Помимо полярно различающихся интерпретаций
совместной истории, российским и региональным
школьным учебникам свойственно много общего. В
сущности, недостатки региональных учебников
являются зеркальным отражением недостатков
российских учебников — с той только разницей,
что в первых отражается значительно больше
эмоций и подспудных комплексов. Добавим к этому и
приверженность нарративной модели подачи
материала, и упорное следование
хронологическому принципу изложения, и
очевидную пристрастность оценок.
По-прежнему политическая история в учебниках
превалирует над социальной. А история
повседневности, обыденной жизни людей слабо
отражена на страницах учебников, хотя уже и
наметились определенные положительные сдвиги.
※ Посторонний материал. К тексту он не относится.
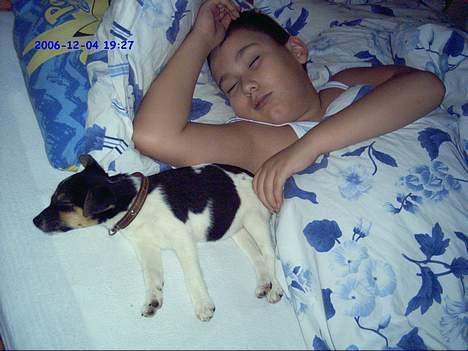 Dansk svensk gaardhund Kvik - De 2 i drømmeland billede 5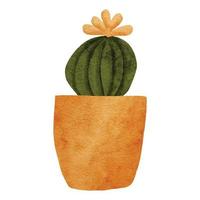 cactus flower pot houseplant watercolor paint illustration vector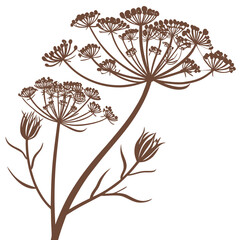 fennel bronze flower with leaves
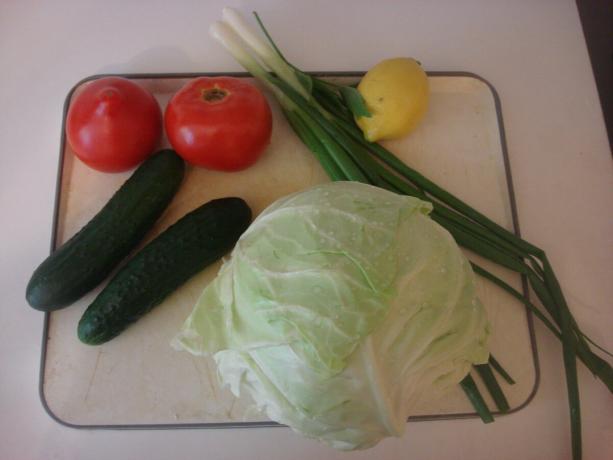 Picture taken by the author (the main ingredients of vegetable salad)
При всех издержках последнее поколение
учебников выглядит все же существенно
привлекательнее предыдущего. Во всяком случае,
освещение отечественной истории в них
представляется более адекватным самой истории.
Что до методологической стороны, то дальнейшее
ее усовершенствование, надо полагать, поможет
преодолеть и застарелые недостатки, и
возникающие сегодня трудности.
И самое главное: до тех пор пока процесс
улучшения (раз от разу) качества школьных
учебников будет базироваться на прежней матрице,
и — что еще более важно — пока не произойдет
полное переосмысление собственного прошлого,
серьезный прорыв в деле подготовки поколения
учебников, содержащего максимально объективный
взгляд на нашу историю, невозможен.
Людмила ГАТАГОВА,
кандидат исторических наук,
старший научный сотрудник
Института российской истории РАН
1 См.: Данилов А.А., Косулина Л.Г.
История России. ХХ век. М., 1999. С. 280, 299.
2 История России. Учебное
пособие/Под ред. А.А. Данилова. С. 166.
3 Данилов А.А., Косулина Л.Г.
Указ. соч. С. 172—173; См. также: М.Н. Зуев. История
России (XX век). С. 197.
4 См.: Данилов А.А., Косулина Л.Г.
Указ. соч. С. 249—250; 3уев М.Н. Указ. соч. С. 261—262.
5 История России... С. 249—250.
6 Cм. там же. С. 394.
7 См.: Отечественная история. ХХ
век/Под ред. А.И. Ушакова. М., 1997. С. 471—472; 481—482.
8 Данилов А.А., Косулина Л.Г. Указ.
соч. С. 332—333; См. также: Зуев М.Н. Указ. соч. С.
418—423.
9 См.: История России... С. 337.
10 Боханов А.Н. История России.
XIX — начало XX в. С. 339; Буганов В.И., Зырянов П.Н.
История России. (конец XVIII — XIX в.). С. 273—275.
11 Отечественная история... С. 305.
12 См. там же. С. 274—281, 397, 398, 477—478; Зуев
М.Н. Указ. соч. С. 284—285.
13 См.: Отечественная история... С.
463—464.
14 См.: Национальные истории в
советском и постсоветских государствах/Под ред.
К. Аймермахера и Г. Бордюгова. М., 1999.